Mostram que o bem não é selectivo nem condicionado. Mostram que o bem é para todos e é para sempre.
Não reclamam compensações nem ambicionam reconhecimentos. Onde há um perigo, eles encontram uma oportunidade, uma oportunidade de fazer o bem.
3. Nesta época, que muitos dizem desperdiçada, há muitos jovens, que alguns consideram perdidos, que ocupam as férias em acções de voluntariado.
E não falta também quem, ao longo do percurso escolar, desenvolva projectos de voluntariado. São formas de crescer na mais acutilante sabedoria: a da bondade.
Também é reconfortante ver profissionais que conseguem inventar tempo para ajudar quem mais precisa.
A experiência mostra, aliás, que as pessoas mais ocupadas são também as que conseguem ser mais disponíveis.
A sua alma é maior que a sua carga de trabalhos.
São pessoas que não se deixam devorar pelo tempo nem consumir pelo desgaste.
São pessoas que rejuvenescem com o passar dos anos.
São pessoas que transportam um sorriso ainda que alojem mágoas no fundo do seu ser.
4. Um ano como este serve, por isso e essencialmente, de abanão de muitas consciências que se mantêm adormecidas.
Se há projectos que merecem ser apoiados são os de voluntariado.

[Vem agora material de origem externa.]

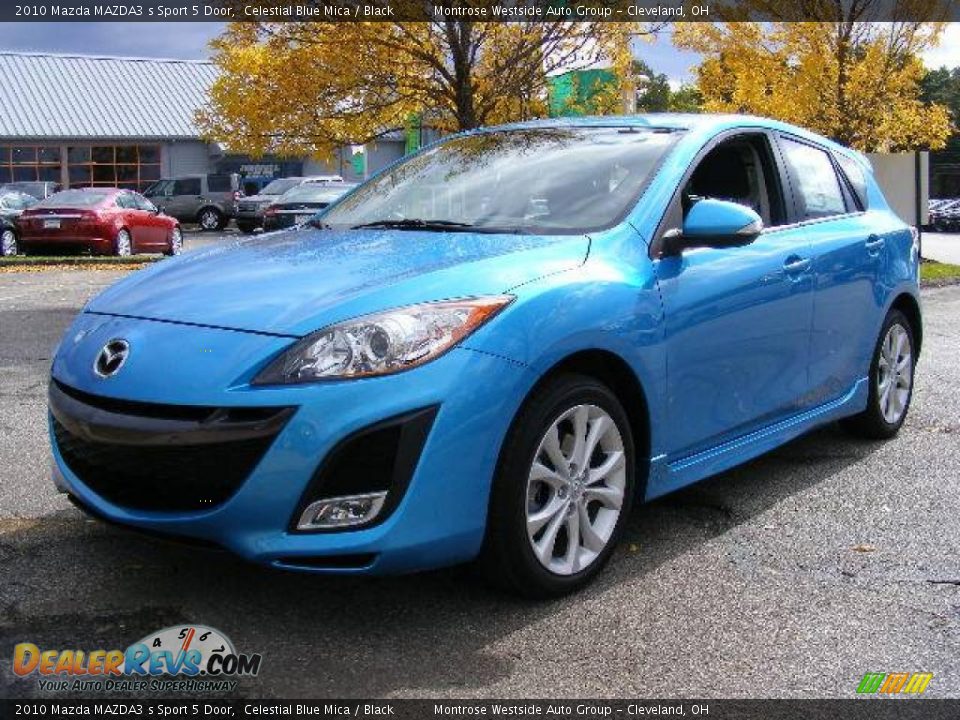 2010 Mazda MAZDA3 s Sport 5 Door Celestial Blue Mica / Black Photo #1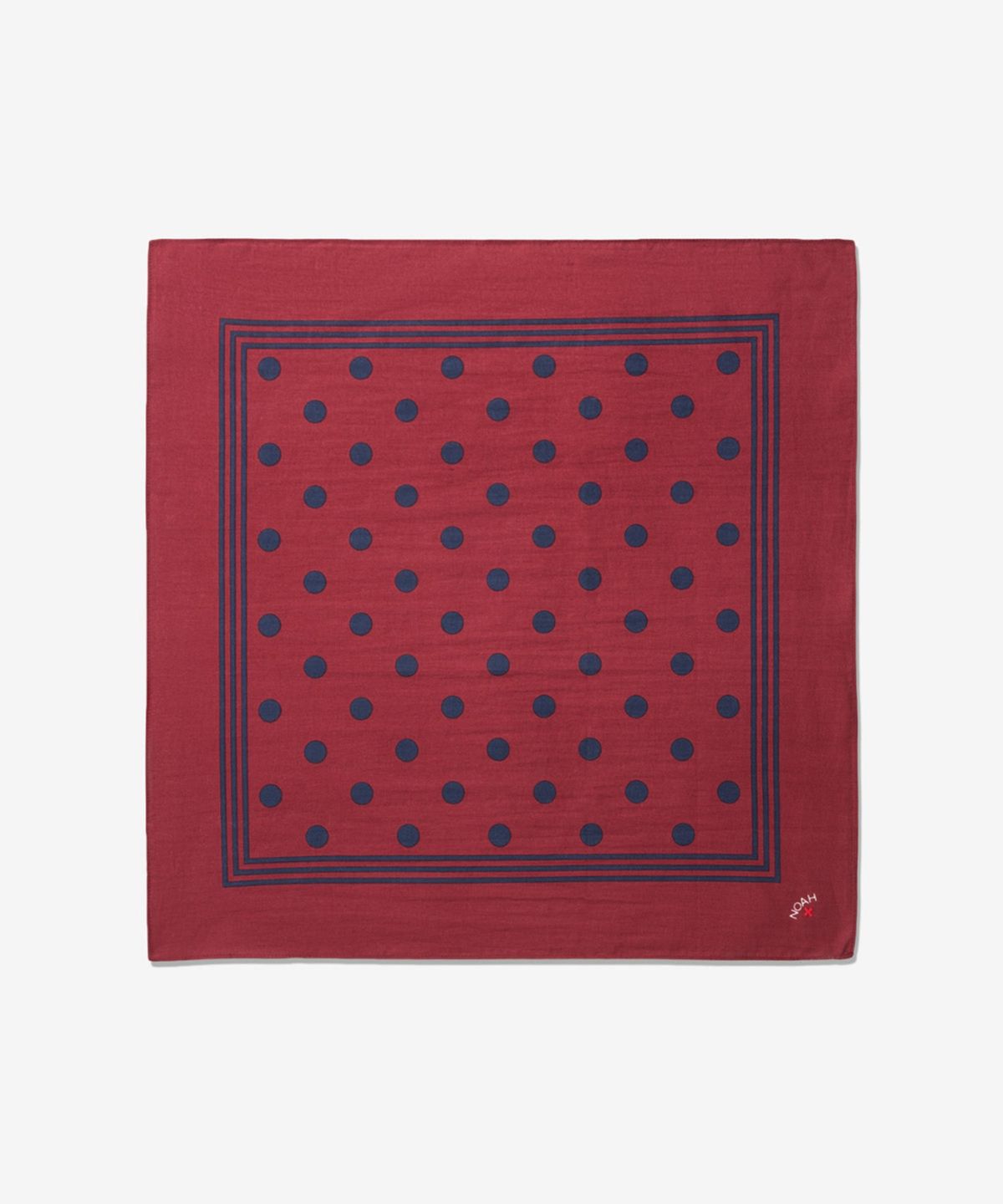 노아(NOAH) (U) 폴카 도트 반다나 버건디 POLKA DOT BANDANA BURGUNDY / NAVY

Porque são eles que puxam pelo que de melhor subsiste no interior da pessoa. E porque são eles que, no fundo, revelam o mais importante do ser homem e do estar no mundo.
O ser humano nunca pode afirmar-se sem o outro ou contra o outro. O ser humano só pode afirmar-se com o outro, ao lado do outro, em favor do outro.
É por isso que, ao contrário do que dizia Sartre, o inferno não são os outros. O inferno, como advertiu o Abbé Pierre, é viver sem os outros.
5. O Ano Europeu do Voluntariado servirá, por isso, para sensibilizar e para mobilizar.
É importante que se conheça o que está a ser feito. É decisivo que cada um veja o que pode (ajudar a) fazer.
No voluntariado, há sempre lugar para mais um. Aqui, não prevalece a competição, mas a entreajuda.
No voluntariado, cada um luta não para ser o melhor, mas para dar o seu melhor.
É por isso que o voluntariado não é jamais um apêndice para quem nada tem para fazer ou para quem acha que já tudo fez.
O voluntariado pertence ao essencial da vida. Ele traz a sementeira de uma cultura diferente e a nascente de um mundo renovado.
No fundo, são as suas iniciativas que nos levam a acreditar que, afinal, o melhor continua a ser possível.